Dans le désarroi, nos idées ne sont plus très claires, nous avons du mal à faire la part des choses, et nous pouvons être amenés à demander à Dieu des choses quelque peu déplacées.

Bien entendu, le fort désir de voir la gloire de Dieu dès cette vie-ci est compréhensible, le désir de voir dès maintenant ce « qui nous est réservé dans le ciel » (1 P 1.4). Compréhensible, mais néanmoins déplacé.

X X X 2 X X X

« Fais-moi voir ta gloire ! »

Où Dieu nous fait-il voir sa gloire ?

Une chose est certaine : tant que nous sommes sur terre, nous ne pouvons pas « voir la gloire de l’Eternel » directement. Même à Moïse Dieu a dit : « Tu ne pourras pas voir mon visage, car l’homme ne peut me voir et vivre. » (v. 20)

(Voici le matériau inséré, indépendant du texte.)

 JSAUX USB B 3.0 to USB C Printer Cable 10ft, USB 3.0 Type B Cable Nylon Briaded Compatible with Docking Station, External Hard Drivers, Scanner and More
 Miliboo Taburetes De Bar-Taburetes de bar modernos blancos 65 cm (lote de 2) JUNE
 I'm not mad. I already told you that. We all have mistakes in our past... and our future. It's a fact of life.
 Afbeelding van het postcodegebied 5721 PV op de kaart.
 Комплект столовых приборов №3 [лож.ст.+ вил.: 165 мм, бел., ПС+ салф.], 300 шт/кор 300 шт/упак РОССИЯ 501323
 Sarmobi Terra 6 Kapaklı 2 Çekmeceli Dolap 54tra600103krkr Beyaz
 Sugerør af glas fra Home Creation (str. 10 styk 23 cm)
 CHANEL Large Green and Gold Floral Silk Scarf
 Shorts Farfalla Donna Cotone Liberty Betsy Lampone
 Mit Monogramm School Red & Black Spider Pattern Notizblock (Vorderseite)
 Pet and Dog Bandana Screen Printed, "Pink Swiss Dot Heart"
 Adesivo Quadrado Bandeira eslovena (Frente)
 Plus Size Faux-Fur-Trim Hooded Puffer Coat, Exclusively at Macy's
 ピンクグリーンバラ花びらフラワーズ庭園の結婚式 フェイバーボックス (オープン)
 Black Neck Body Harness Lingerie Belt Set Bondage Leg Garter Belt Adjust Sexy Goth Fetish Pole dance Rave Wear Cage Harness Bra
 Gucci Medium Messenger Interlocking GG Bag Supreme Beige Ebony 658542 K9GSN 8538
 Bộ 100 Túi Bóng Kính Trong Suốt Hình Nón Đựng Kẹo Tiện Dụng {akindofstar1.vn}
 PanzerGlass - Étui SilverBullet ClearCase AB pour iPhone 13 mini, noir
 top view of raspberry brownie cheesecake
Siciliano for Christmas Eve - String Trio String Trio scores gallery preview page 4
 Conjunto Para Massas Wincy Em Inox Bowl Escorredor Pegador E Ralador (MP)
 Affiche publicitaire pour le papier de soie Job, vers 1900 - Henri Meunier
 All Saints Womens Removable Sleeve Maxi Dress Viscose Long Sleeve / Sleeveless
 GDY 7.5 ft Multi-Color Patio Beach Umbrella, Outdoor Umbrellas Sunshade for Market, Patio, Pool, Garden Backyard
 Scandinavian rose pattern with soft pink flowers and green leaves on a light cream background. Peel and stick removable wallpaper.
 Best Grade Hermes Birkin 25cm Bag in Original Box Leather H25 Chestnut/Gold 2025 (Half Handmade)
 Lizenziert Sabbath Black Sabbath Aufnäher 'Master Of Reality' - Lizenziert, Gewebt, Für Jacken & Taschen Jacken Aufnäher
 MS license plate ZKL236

Les mortels, les pécheurs que nous sommes, ne peuvent supporter de voir l’Eternel, le Saint, le Tout-Puissant, face à face. Vu notre condition actuelle, cela nous détruirait. « L’homme ne peut me voir et vivre. »

Les comparaisons valent ce qu’elles valent. Je m’y risque quand même. Vous savez : Nous ne pouvons regarder dans le soleil sans être aveuglés, nous ne pouvons supporter de le fixer, l’intensité de sa lumière détruirait la rétine de nos yeux. De façon analogue, les pécheurs que nous sommes ne pourraient soutenir le contact direct avec Dieu sans être consumés.

Nous avons du mal à supporter le spectacle de certaines choses – comme le soleil, ou un rayon laser – qui font, pourtant, tous partie de cette création. Il est encore moins possible, même tout à fait impossible, de soutenir le regard du Créateur tant que nous serons sur terre, tant que nos corps ne seront pas « transformés » et « rendus conformes au corps glorifié » de notre Seigneur ressuscité (Ph 3.21). Le spectacle de sa gloire nous consumerait.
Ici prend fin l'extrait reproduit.